Dive Brief:
- Tesla officials have revealed that their massive battery "gigafactory" under construction in Reno, NV, will be a net-zero energy facility and will have carbon neutral operations.
- JB Straubel, Tesla’s chief technical officer, said recently that the company always intended the gigafactory to be net-zero — or produce as much energy as it uses — and that process began with the company designing the roof to accommodate solar panels, TreeHugger reported. Straubel also said the company has staked out positions for additional solar in the hills surrounding the factory.

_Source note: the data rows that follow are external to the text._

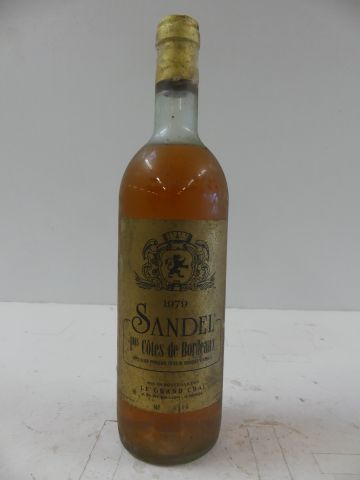 null Liquoreux 1979 1ères Côtes de Bordeaux Sandel portant le N°5866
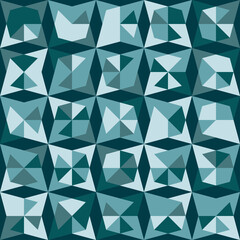 Abstract seamless geometric pattern of rhombuses and diagonals. Vector illustration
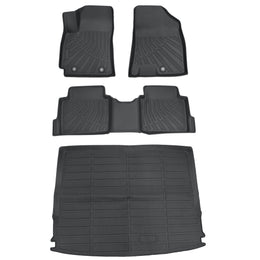 TPE Floor Mats Liners+Trunk Cargo Liner For 2024-2025 Hyundai Kona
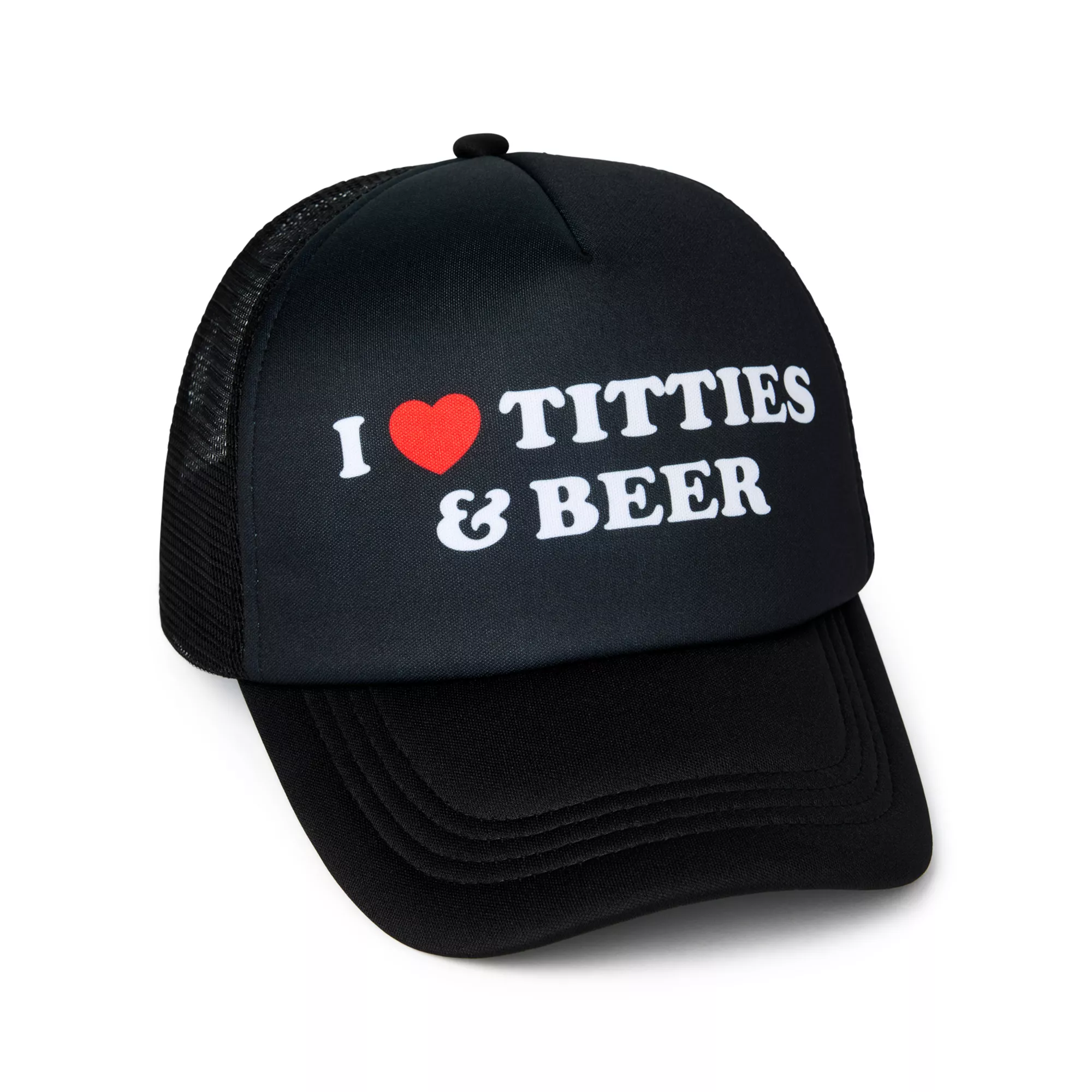 I Heart Titties & Beer Trucker Hat - Danny Duncan at Spencer's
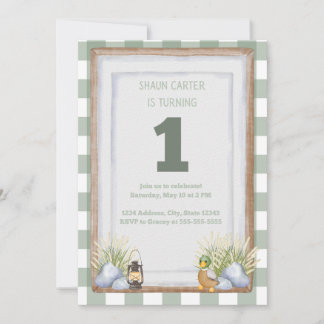 Lakeside First Geburtstag Einladung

- Straubel said another way the design team ensured the gigafactory would be a no-emissions facility was "to force the issue" and not incorporate any natural gas pipelines into the facility infrastructure. Rather than natural gas, The Green Optimistic reported, Tesla will use an efficient heat pumping technology.
Dive Insight:
"In every single step of the process, we have been able to reinvent and come up with solutions," Straubel said during a recent talk at the University of Nevada. "There’s a heat pump technology that actually ends up way more efficient than just burning natural gas for steam. And, then, we have a facility that has basically no emissions. The only emissions are related to the vehicles that might go there that aren’t electric or things like that. But we’ll try to attack that one piece at a time.”
Tesla CEO Elon Musk recently reported that Tesla is ahead of schedule on construction of the gigafactory, which means battery cell production is now slated to begin much earlier than previous estimated.
Work on the interior of the plant officially began last month, with Tesla acting as its own contractor. The facility houses the manufacturing of battery packs for Tesla’s Powerwall, the energy-storage system that homebuilders are watching carefully as a potential upsell in new homes.